🤖 AI Summary
This study investigates systemic biases in the Whisper model for Scottish dialect speech recognition, addressing accent-based inequities that hinder equitable access to UK public services. Methodologically, we construct the first publicly oriented, multi-dialect Scottish speech dataset; perform supervised fine-tuning on Whisper large-v3; and design cross-regional accent contrast experiments complemented by manual error analysis.
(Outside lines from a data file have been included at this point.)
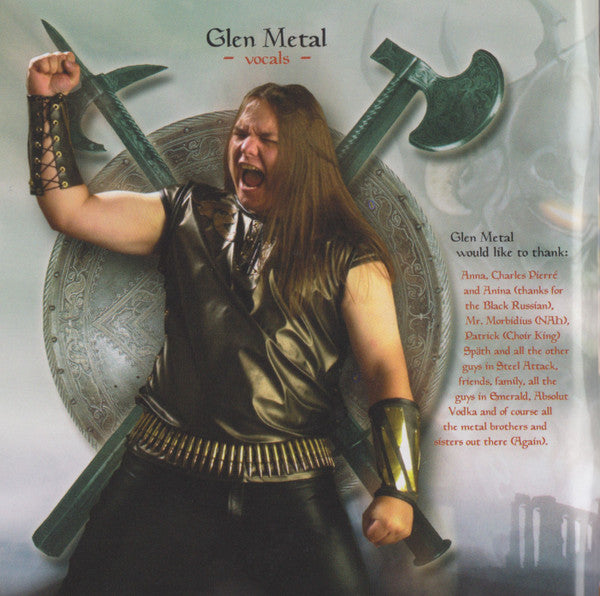 Cryonic Temple -Blood, Guts & Glory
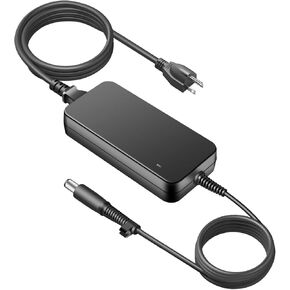 HKY 24V AC DC Adapter Compatible with Samsung CJ79 CJ791 C34J791 C34J791WT C34J791WTN LC34J791WTNXZA C34J791WTU 34 Curved QLED Monitor A18024_NDYW A18024-NDYW BN44-00924A BN44-00924B Power Supply Cord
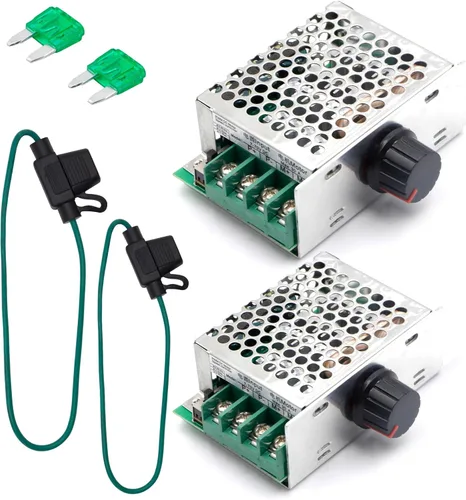 Miniatura 9 de RioRand Control de velocidad del motor PWM DC interruptor de control 7-70V 30A Fusible (RRLSKJAASSSSSSS)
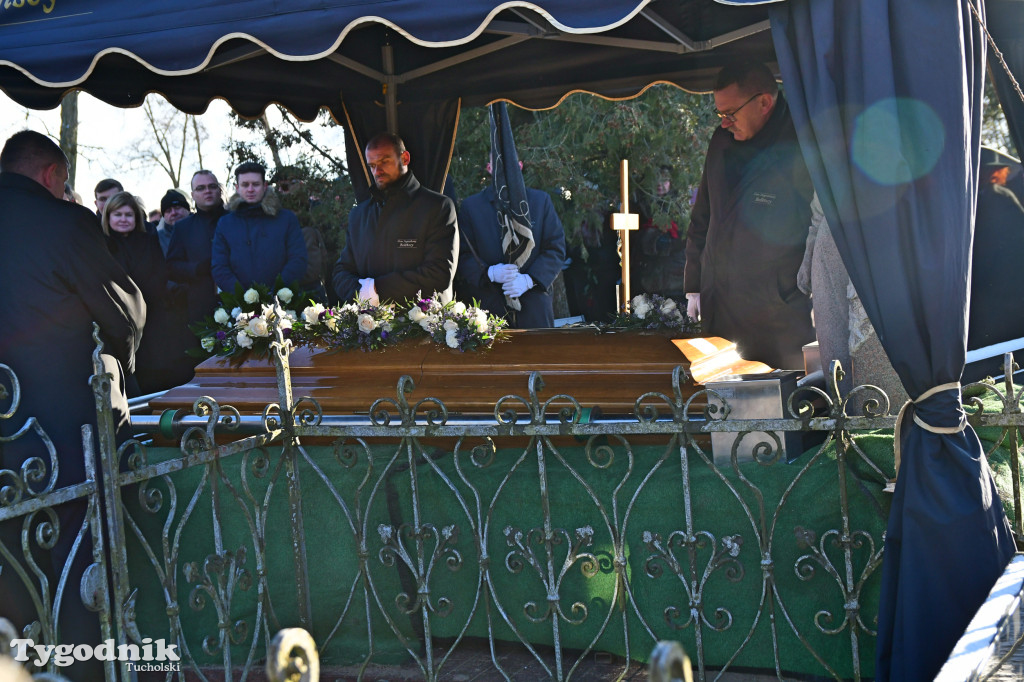 Śliwice: Pogrzeb Jana Myśliwca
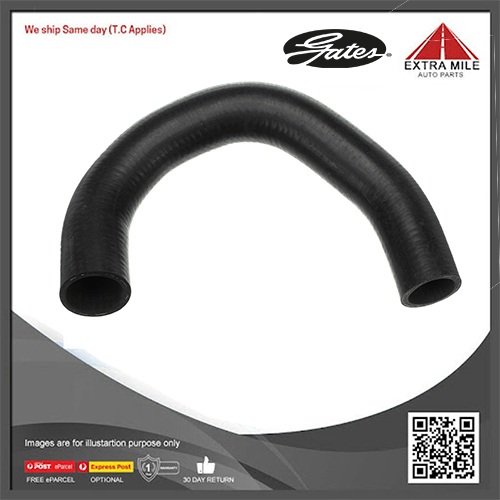 Curved Radiator Hose for HOLDEN Calais VY Fitting Position : Lower/Engine To Crossover Pipe Gates 05-1762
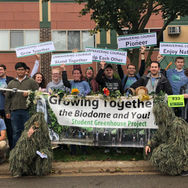 Homecoming Parade fun and team revelry!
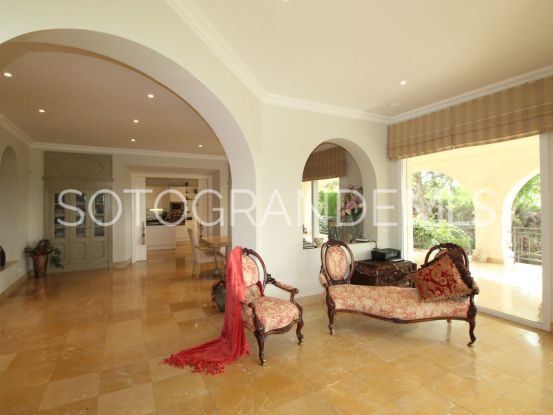 For sale villa in Zona F, Sotogrande Alto | Open Frontiers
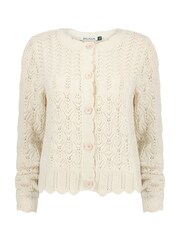 Baukjen Cream Ursula Ecotec Cardigan - Image 5 of 5
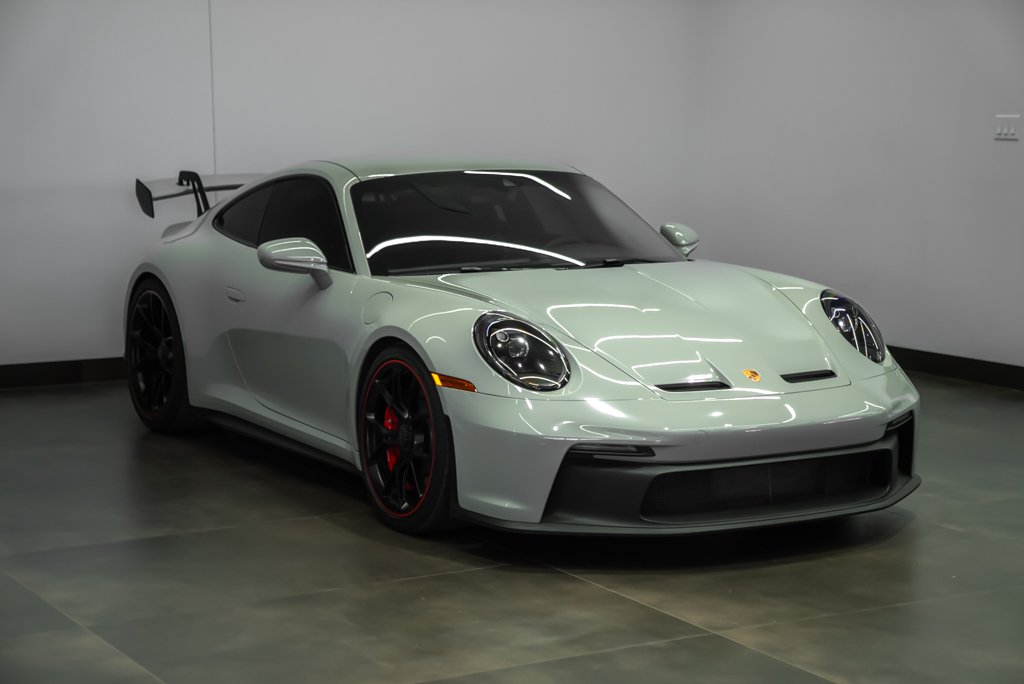 2022 Porsche 911 GT3 coupé Grey Kirkland - photo #2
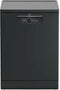 Beko BDFN26551AC2 - Vrijstaand afwasmachine - 15 plaats instellingen - Zwart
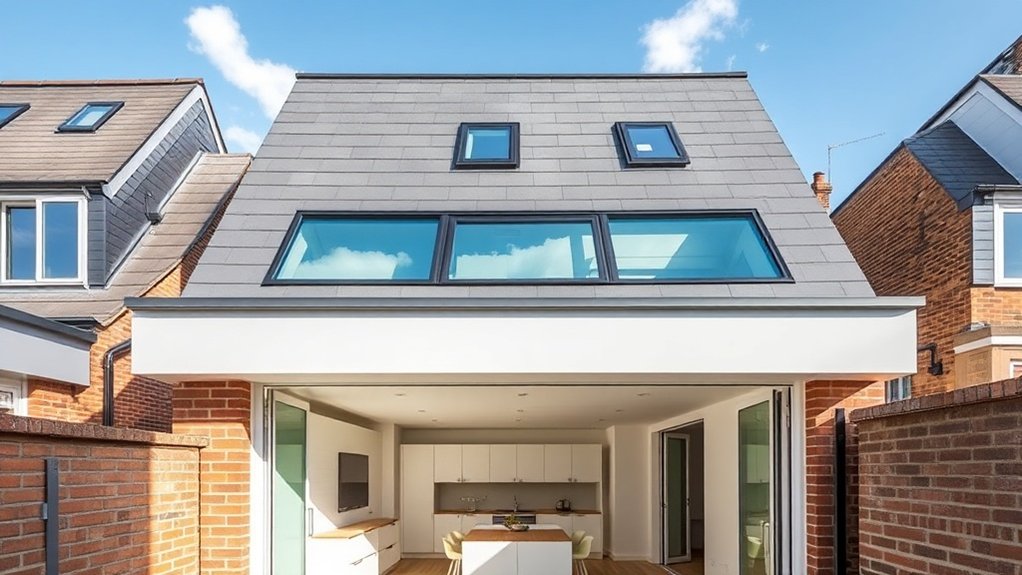 Solid Roof Glazing Clapham Junction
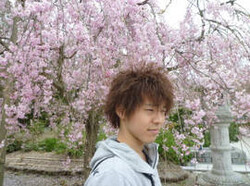 カット＋ツイストピンパーマ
Key contributions include: (1) the first systematic characterization of Whisper’s performance degradation in bilingual/multi-dialect Scottish contexts; (2) empirical validation of the fine-tuned model’s cross-regional accent transfer capability; (3) identification of Word Error Rate (WER) limitations for dialectal evaluation, particularly its insensitivity to dialect-specific errors; and (4) significant WER reduction on target dialects post-fine-tuning, with marked alleviation of dialect-specific errors—including morphological misrecognitions and code-mixed transcription failures.
📝 Abstract
We collect novel data in the public service domain to evaluate the capability of the state-of-the-art automatic speech recognition (ASR) models in capturing regional differences in accents in the United Kingdom (UK), specifically focusing on two accents from Scotland with distinct dialects. This study addresses real-world problems where biased ASR models can lead to miscommunication in public services, disadvantaging individuals with regional accents particularly those in vulnerable populations. We first examine the out-of-the-box performance of the Whisper large-v3 model on a baseline dataset and our data. We then explore the impact of fine-tuning Whisper on the performance in the two UK regions and investigate the effectiveness of existing model evaluation techniques for our real-world application through manual inspection of model errors. We observe that the Whisper model has a higher word error rate (WER) on our test datasets compared to the baseline data and fine-tuning on a given data improves performance on the test dataset with the same domain and accent. The fine-tuned models also appear to show improved performance when applied to the test data outside of the region it was trained on suggesting that fine-tuned models may be transferable within parts of the UK. Our manual analysis of model outputs reveals the benefits and drawbacks of using WER as an evaluation metric and fine-tuning to adapt to regional dialects.